On September 15, 2025, a new Convention between Portugal and the United Kingdom of Great Britain and Northern Ireland for the Avoidance of Double Taxation and the Prevention of Fiscal Evasion regarding Taxes on Income was signed in London, replacing the previous Convention, which had been in force since 1968.
Effective January 1, 2026, the new Convention focuses on income and capital gains taxes and has been modernized based on current practices of tax cooperation and combating tax evasion, in line with international standards.
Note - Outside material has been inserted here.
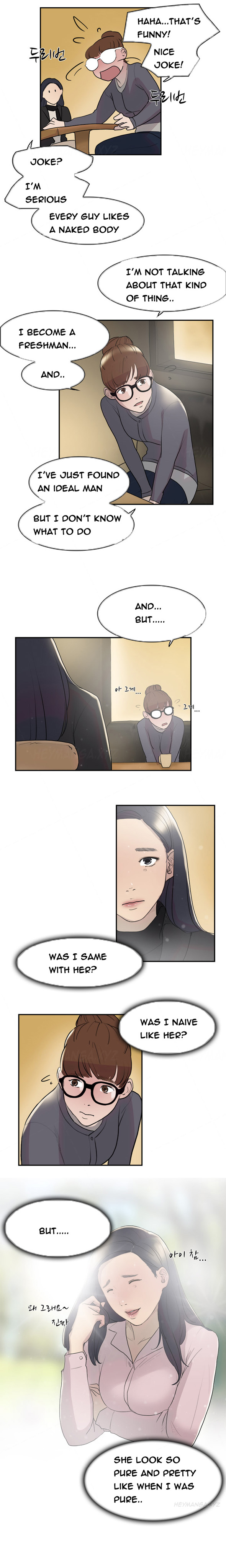 ダブルデートCh.1-15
We highlight the following changes:
Incorporation of a modern anti-abuse mechanism – Principal Purpose Test – which allows treaty benefits to be denied when it is concluded that one of the main purposes of a transaction was to obtain tax advantages;
Updating of the rules on the definition of “permanent establishment,” introducing an anti-fragmentation clause;
Reduction from 15% to 10% of the general withholding tax rate on dividends;
The direct participation required in the capital of the paying company for the purposes of applying the favorable regime on dividends has been reduced from 25% to 10%;
Possibility of reducing the general rate on interest from 10% to 5% if the beneficial owner of the interest is a bank resident in the other Contracting State;
Change in the rules on the taxation of capital gains when these result from the sale of shares or other holdings which, at any time during the 365 days prior to the sale, directly or indirectly withdraw more than half of their value from real estate located in the other Contracting State. These gains may be taxed in the State where the real estate is located and also in the State of residence of the seller.
Considering these changes, it is important to analyze what the main fiscal impacts might be.